I used to hear the comparisons of libraries versus bookstores quite a bit when I first moved to New York City. With experience in both retail and public libraries I felt I discussed this well. My argument point when people stated bookstores had more variety was that they are for profit, and they put the bill to the publishers. For only paying for what sells and returning unsold items to the publishers, bookstores can take chances on every book that comes out. Whereas a library flat out buys the books for the library, and has to evaluate more carefully what to select for the community the library serves. Coffee for sale, atmosphere, and the service experience were other debates in favor of the retail experience compared the library experience. Some people told me they didn’t like sharing books and preferred new ones. Finally people not necessarily comparing libraries to bookstores would generally state libraries would be obsolete because of technology.
A few things have changed this perspective that libraries should be like bookstores. One is the recession in that people have valued the library more. Perhaps it’s more on the public computer access, job information help, but I think people checked out more materials too. If someone is stressed about his or her job, they will start checking out books and DVD’s instead of paying for them. Libraries across the country faced budget cuts, and people stood up for them. I’m sure some budget cuts went through in some cases, but the cuts could have been much worse if people did not value their public libraries. Another big hit to the viewpoint that bookstores are better, is the major retail chain Borders went out of business. The super bookstore model is not invincible.

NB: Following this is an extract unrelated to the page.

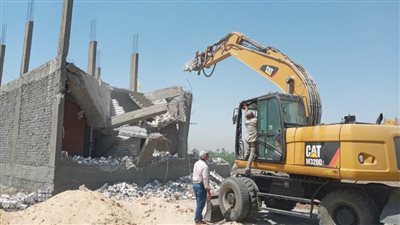 إزالة 57 حالة تعد على أراضي زراعية ومخالفات بناء خلال حملات بأسيوط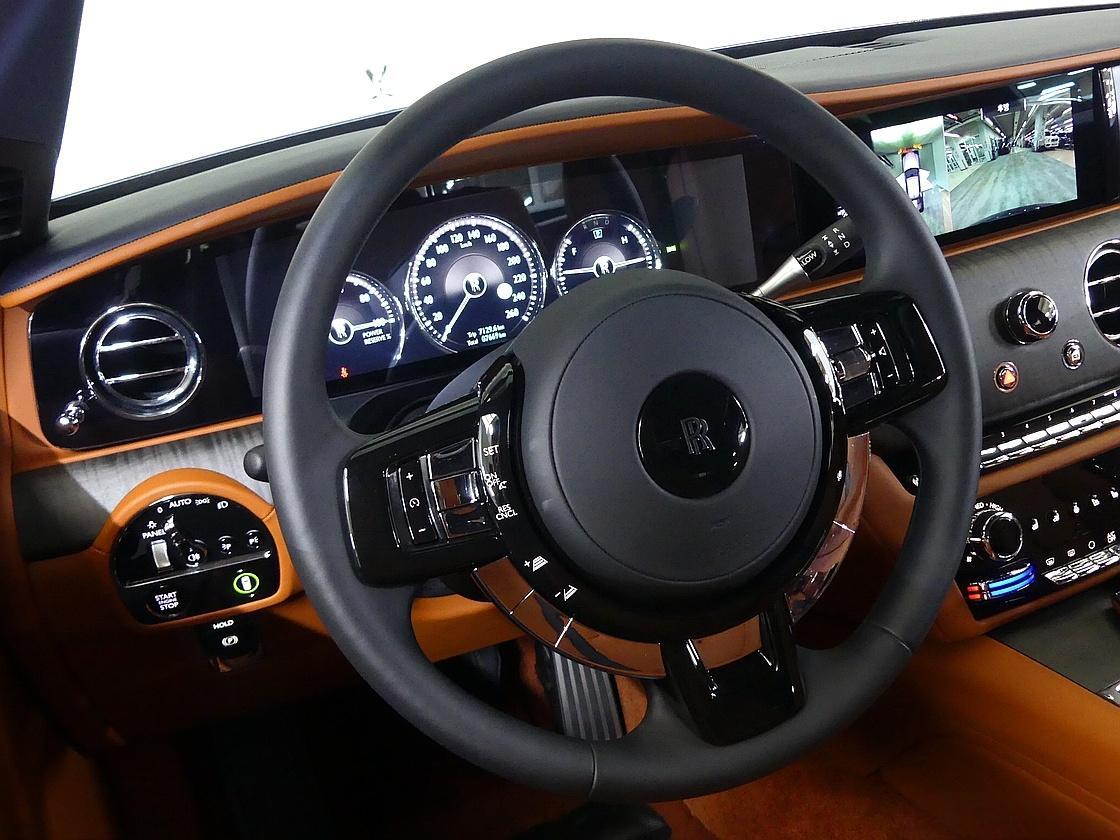 롤스로이스 고스트 2세대 6.7 V12 EWB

From working in a Barnes & Noble I know that a lot of booksellers are talented and hard working people. I was sad to hear of a closing on such a large scale with thousands of workers affected. I hope full closures of community libraries will not happen, and I don’t think it will. Libraries in addition to dishing out materials can be information hubs for communities. The bottom line is not simply profits as in a bookstore, but improving peoples lives through self-education, programming, and resources.
Lastly one reason Borders went under was they were slow on the online platform and more currently ereader devices. If you go into a Barnes and Noble’s today they are really pushing the Nook. Profits in the book industry are shifting to the ereader sales, and in general the online sales. People do like to sip their caramal peppermint latte at 10 pm and browse the bookstore stacks, but more people prefer to select their reading materials at home online. I’m not trying to be negative on the Internet, and I’m glad you can get so much reader’s advisory material or information on books so easily now. But I can see the physical bookstores really declining as more people buy from home.
Libraries I think will survive because we are multi purpose. Public libraries serve the educational, information, and recreational needs of their communities. That is such a broad service range, that we can adapt to a lot of things. Bookstores being for profit are more narrow focused. I think as long as libraries get funded by the government, and keep the broad purpose of enhancing communities they can be vital.